◆ **Assignment**
Begin at the line below that has "Chyhomenyc Sage Green" and stop after the line that has "THERMOS Stainless Steel". Please restate only those lines, word for word.

◆ **Material supplied**
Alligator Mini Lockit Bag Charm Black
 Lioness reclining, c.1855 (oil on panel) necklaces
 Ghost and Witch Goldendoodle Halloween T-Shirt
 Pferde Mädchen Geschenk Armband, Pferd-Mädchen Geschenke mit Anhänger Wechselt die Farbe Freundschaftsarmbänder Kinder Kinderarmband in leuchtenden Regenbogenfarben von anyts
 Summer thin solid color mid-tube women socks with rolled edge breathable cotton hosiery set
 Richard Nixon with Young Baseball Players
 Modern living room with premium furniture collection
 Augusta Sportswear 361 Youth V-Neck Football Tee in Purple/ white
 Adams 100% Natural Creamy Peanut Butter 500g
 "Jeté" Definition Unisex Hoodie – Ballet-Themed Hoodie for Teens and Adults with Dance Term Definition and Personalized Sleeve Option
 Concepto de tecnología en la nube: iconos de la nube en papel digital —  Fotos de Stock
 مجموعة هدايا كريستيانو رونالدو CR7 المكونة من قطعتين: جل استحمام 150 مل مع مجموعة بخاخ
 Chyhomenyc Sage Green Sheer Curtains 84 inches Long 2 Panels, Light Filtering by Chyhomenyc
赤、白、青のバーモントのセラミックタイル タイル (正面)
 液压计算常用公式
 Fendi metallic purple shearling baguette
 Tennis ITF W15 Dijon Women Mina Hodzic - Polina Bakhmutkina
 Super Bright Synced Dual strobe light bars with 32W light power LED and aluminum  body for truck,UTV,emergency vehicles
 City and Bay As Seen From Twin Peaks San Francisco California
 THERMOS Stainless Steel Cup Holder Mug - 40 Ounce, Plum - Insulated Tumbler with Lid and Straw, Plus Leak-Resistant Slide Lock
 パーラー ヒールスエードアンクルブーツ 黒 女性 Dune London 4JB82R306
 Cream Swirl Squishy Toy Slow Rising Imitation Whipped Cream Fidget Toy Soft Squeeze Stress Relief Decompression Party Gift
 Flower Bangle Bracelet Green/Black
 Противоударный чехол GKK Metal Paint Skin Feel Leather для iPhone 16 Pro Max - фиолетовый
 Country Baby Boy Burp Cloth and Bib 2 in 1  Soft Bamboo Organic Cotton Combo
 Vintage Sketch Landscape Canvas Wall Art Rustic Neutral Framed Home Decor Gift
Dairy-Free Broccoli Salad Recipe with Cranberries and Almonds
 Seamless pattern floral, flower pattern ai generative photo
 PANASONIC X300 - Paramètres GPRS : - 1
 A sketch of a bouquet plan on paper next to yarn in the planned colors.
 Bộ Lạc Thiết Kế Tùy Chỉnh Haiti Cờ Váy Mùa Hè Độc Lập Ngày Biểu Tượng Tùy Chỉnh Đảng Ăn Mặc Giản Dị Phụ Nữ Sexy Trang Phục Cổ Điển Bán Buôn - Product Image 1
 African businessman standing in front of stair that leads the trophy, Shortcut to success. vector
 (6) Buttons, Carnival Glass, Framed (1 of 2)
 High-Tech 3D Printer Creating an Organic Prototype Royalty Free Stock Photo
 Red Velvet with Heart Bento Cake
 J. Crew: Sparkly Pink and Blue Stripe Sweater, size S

◆ **Task solution**
 Chyhomenyc Sage Green Sheer Curtains 84 inches Long 2 Panels, Light Filtering by Chyhomenyc
赤、白、青のバーモントのセラミックタイル タイル (正面)
 液压计算常用公式
 Fendi metallic purple shearling baguette
 Tennis ITF W15 Dijon Women Mina Hodzic - Polina Bakhmutkina
 Super Bright Synced Dual strobe light bars with 32W light power LED and aluminum  body for truck,UTV,emergency vehicles
 City and Bay As Seen From Twin Peaks San Francisco California
 THERMOS Stainless Steel Cup Holder Mug - 40 Ounce, Plum - Insulated Tumbler with Lid and Straw, Plus Leak-Resistant Slide Lock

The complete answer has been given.